Bundan 'doğal' ne olabilir ki ?!... (Bican Özben (Sevilay Kaygalak) - 18-11-2007)

Bu 'doğal' felaketin genel ve Bölge'ye özel pek çok sosyo-ekonomik ve siyasal/ideolojik belirleyeni olduğu biliniyor. Planlama ve sosyal hizmet anlayışından yoksun denetimsiz kentleşme süreçleri, kapitalizmin eşitsiz gelişme dinamiği ve onun yarattığı bölgesel dengesizlikler; tüm bunların yanında etnik ayrımcılık, kamusal kaynakları 20 yıldır süren savaşın gereklerine tahsis eden militarist politikalar ve onun sonucunda gelişen zorunlu yer değiştirmeler... Yağmur çiseleseydi de, sonuç aynı olabilir miydi acaba, diye düşündürtecek denli vahim bir manzara çıkarıyor tüm bunlar karşımıza. Yaşamını yitiren insanların sosyal olarak inşa edilmiş bir felaketin kurbanı olduğunu ortaya koyan bir manzara...

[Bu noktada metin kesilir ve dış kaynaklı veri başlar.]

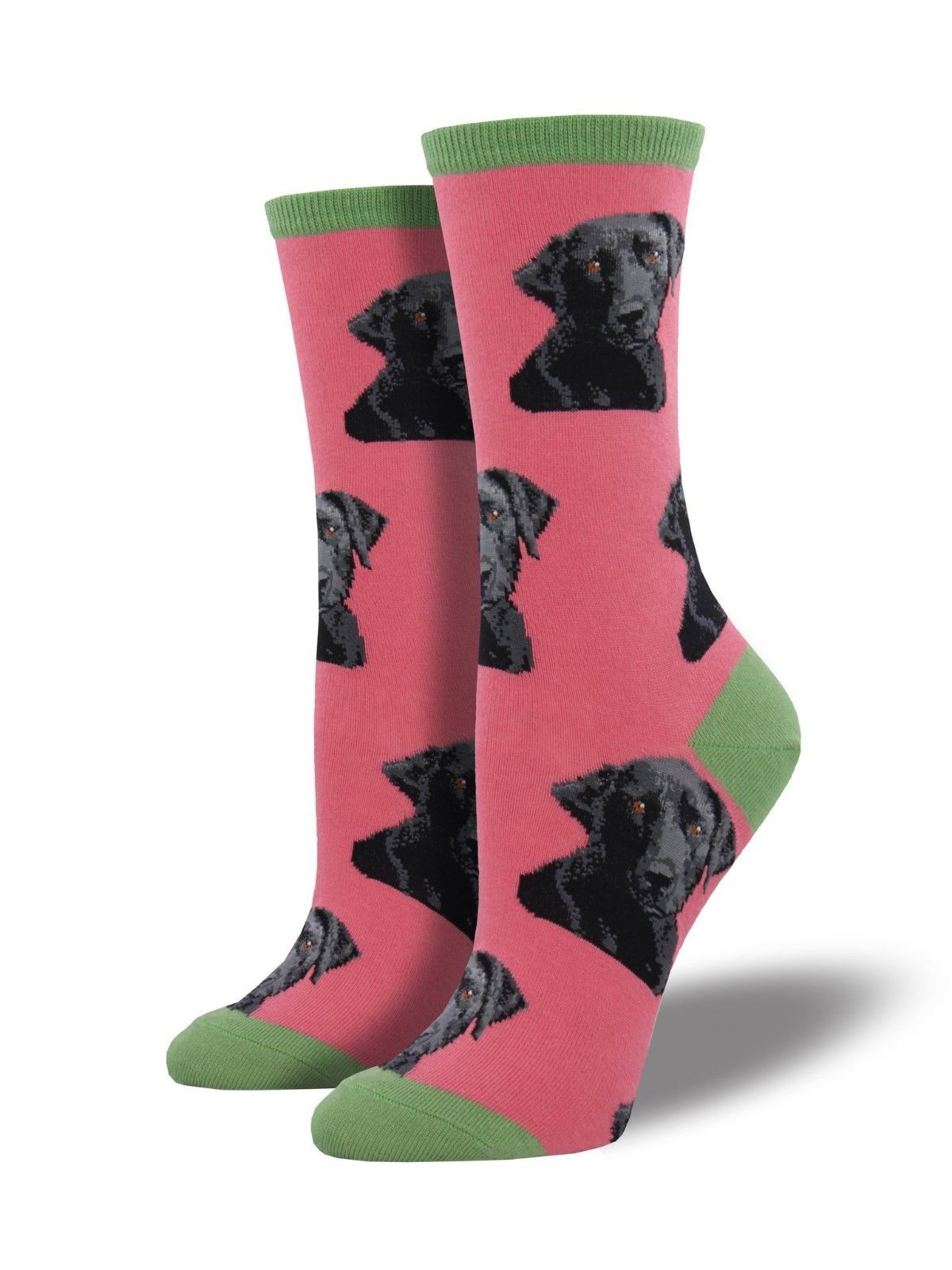 Primary image for Socksmith Women's Socks Novelty Crew Cut Socks "Lab-or Of Love" / Dusty Pink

İşin daha can yakan kısmı, devletinden siyasi partilerine, demokratik kitle örgütleri, basın ve yurttaşına kadar kimsenin bununla yüzleşecek gücü ya da sorumluluğu kendinde bulamayışı. Ana haber bültenlerinin, gazetelerin her zaman yapmalarına alışık olduğumuz hisli, dokunaklı dramatize edişlerden uzak durması bundan olsa gerek. Düşünsenize bir hesap numarası bile olmadı bu felaketin, TV kanallarına düşen… Öyle ya biraz uzasa, üstü azıcık kazınsa ne devlet “felaketleri” çıkacaktı altından... ne trajediler...

Kurtarma ve yardım çalışmaları da bunu göstermedi mi? Mağdurlardan birinin dile getirdiği gibi, bir operasyon söz konusu olduğunda onlarca helikopteri kaldırıveren devlet, çocuklarıyla birlikte selden korunmak üzere damlara sığınanları kurtarmaya ancak 4 saat sonra gelebilmişti; hükümet zarar gören illeri ısrarla afet bölgesi kapsamına almadı; Bölge içindeki il ve ilçelerde toplanan yardımlar, belediyenin yardım toplamaya yetkisi bulunmadığı gerekçesiyle kaymakamlıklarca engellendi.

...

Gördüğümüzün içimize doldurduğu çaresizliği anlatmak değil derdim

“Yani benim gözlerimin bunca yıl gördükleri,

Bir gün benimle birlikte

Yok olup gidecekler öyle mi?”

demişti, sevgili şair Metin Altıok. Görmekle kalmadı; anlattı da... “Yürekleri ufalayıp döküveren” tariflerle hem de... Artık onun üzerine hiçbir sözcük konmaz, konamaz!

Bize düşen bunca gördüğümüzle kalmamak artık, öyle değil mi?... Bu zor zamanları, kardeşliğimizi güçlendirecek paylaşımlar ve dayanışma için fırsat bilmek!...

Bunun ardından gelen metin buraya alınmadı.